Mexico: Drug Gangs Fight Back


February 10, 2008: The Army had a big week in its war on the cartelistas (drug gangs). The army conducted an operation in Tamaulipas state that led to the capture of five men and a large weapons cache. The cache was found on a ranch and included plastic explosive, hand grenades, bullet-proof protective vests, 80 sets of military uniforms, 89 rifles and 83,000 rounds of ammunition. The army also found nine tons of marijuana on the ranch and several vehicles, one equipped with bullet-proof glass. The troops found what amounts to a supply dump for a company-sized unit capable of launching limited mobile operations. A police station in a small town would be quickly overrun by a force of this size and this well-armed.

February 9, 2008: A Mexican Army senior officer commanding troops in Baja California state confirmed that the drug cartels are trying to bribe Mexican soldiers. The officer said that drug gang members are trying buy-off the military so they can continue shipping drugs. Soldiers reported that they are offered money, drugs, and prostitutes. The government raised military pay in early 2007, in part to reward integrity in the armed services. The military has reported that it has arrested a number of gang members who had city and state police radios. That was another indicator that the gangs had corrupted local police forces. The army is now running several police departments in Baja California.

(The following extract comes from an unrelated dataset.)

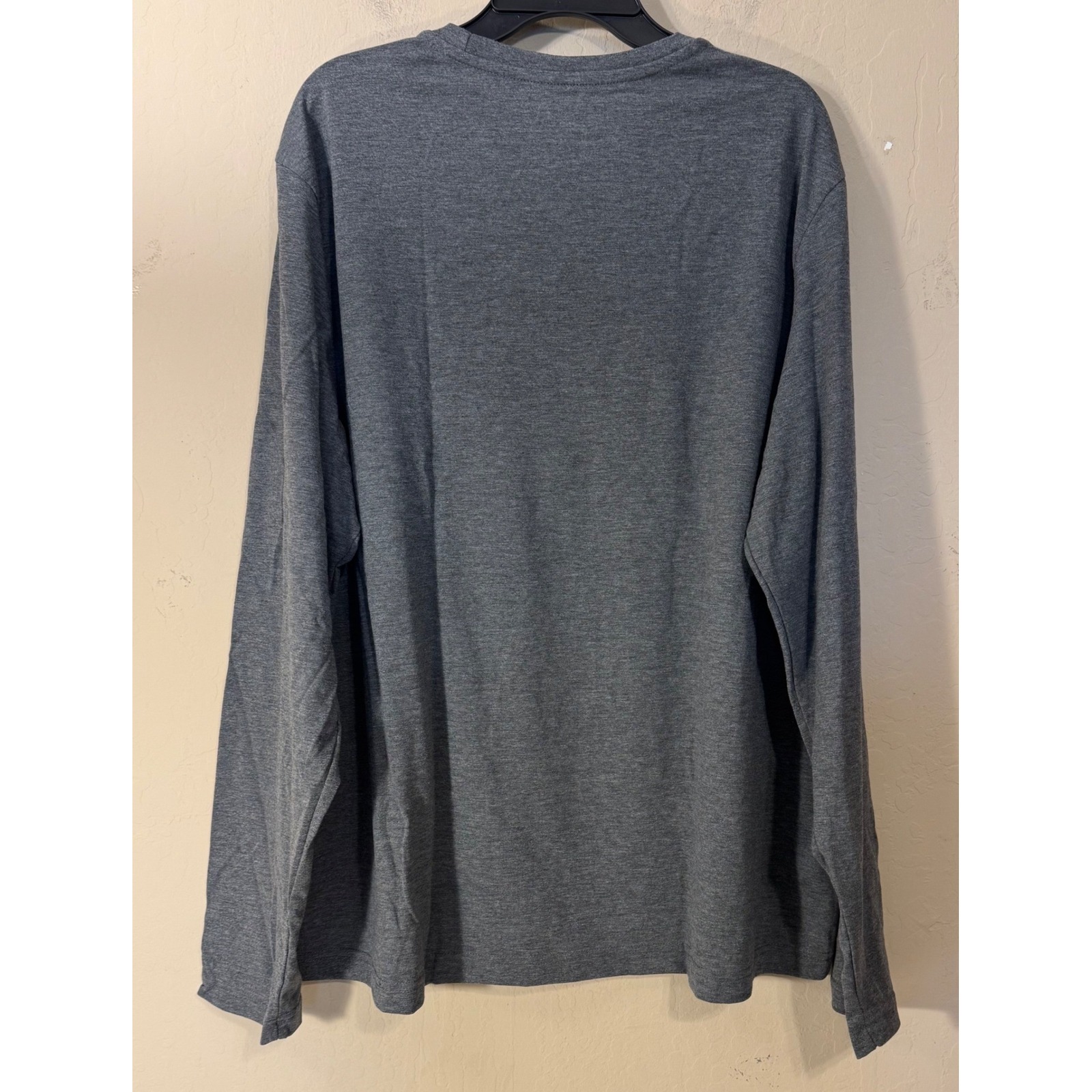 Athletic Works Shirt Men 2xl Gray Long Sleeve Crew Neck Casual T-Shirt New — image 4 of 6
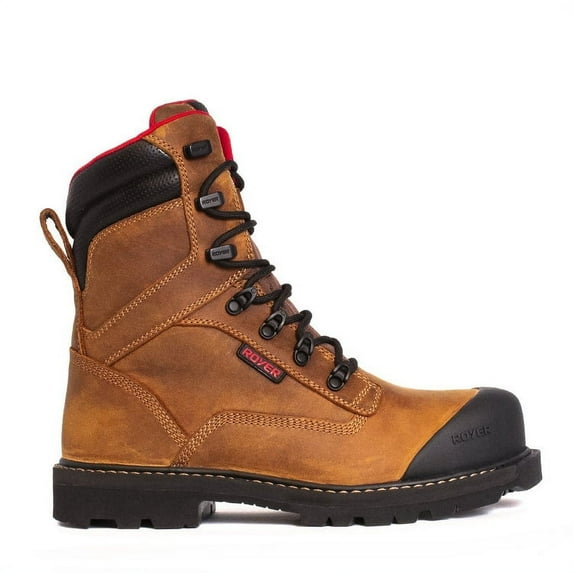 ROYER Men's Revolt Carbon Fiber Toe Vibram MegaGrip Pro Sole Work Boot Brown/Red - 8990RT BROWN/RED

February 6, 2008: President Felipe Calderon said that the government will eventually reduce the military's role in the war on drug cartels. The key is reform of police forces so that the participation of the army in the fight against crime will become less and less necessary. The president was responding to increasing international criticism of his administrations reliance on the Army in its battle with heavily armed drug gangs. The UN (U.N. High Commissioner for Human Rights) has criticized Calderon's use of the military, arguing that the use of the military increases the possibility of human rights violations.

February 4, 2008: Farmers are once again complaining about corn prices. In late January several thousand farmers and demonstrators marched in Mexico City. The farmers and their supporters want the Mexican government to "renegotiate NAFTA" to protect farm crop prices in Mexico. Why is this a problem? Corn prices and NAFTA were two key political issues raised Sub-Commandante Marcos in the 1994 Zapatista rebellion.

February 2, 2008: The media have produced their own death toll for "drug cartel related violence" in 2007. That figure is 2795 deaths.

February 1, 2008: U.S. commanders in Ft Bliss put the Mexican city of Juarez off limits to American troops. The "off limits" designation is only "for a short term." Rising violence is the reason. In January 2008 Juarez had 30 murders. Juarez is across the border from El Paso, Texas, where Ft Bliss is located.

January 23, 2008: There has been an upsurge of drug-related violence in Mexico City. Authorities said one of the big indicators was the arrest of 11 members of the Sinaloa drug cartel in Mexico City on January 22. The gang members are suspected of attempting to organize a "high-level assassination" in Mexico City. The house where the gang members were captured were stocked with grenades, automatic rifles, and bullet-proof vests. Authorities described the group as a "hit team." However, their equipment also suggests the hit team had some of the capabilities of a small military-type special operations force. Mexico City has also increased the number of police operating at its international airport in order to stop drug trafficking through that facility.

January 15, 2008: The army claims that an anti-Army demonstration in the town of Culiacan (November 2007) was staged by drug cartels. The army asserts that the Sinaloa drug cartel paid demonstrators from $50 to $200 to participate in the demonstration. Remember, this is an allegation by the Mexican Army. But could the cartelistas buy demonstrators? Why not. A media campaign (information warfare) might slow down the army. From the cartel leaders' perspective, it's worth a try.

January 10, 2008: Authorities said that they plan to begin inspecting all private airplane flights from Central and South America. The inspections will be conducted by special counter-drug enforcement teams.

January 8, 2008: The government reported that it had arrested 10 people involved in a January 7 shootout in the town of Rio Bravo. Three of the suspects are described as U.S. residents.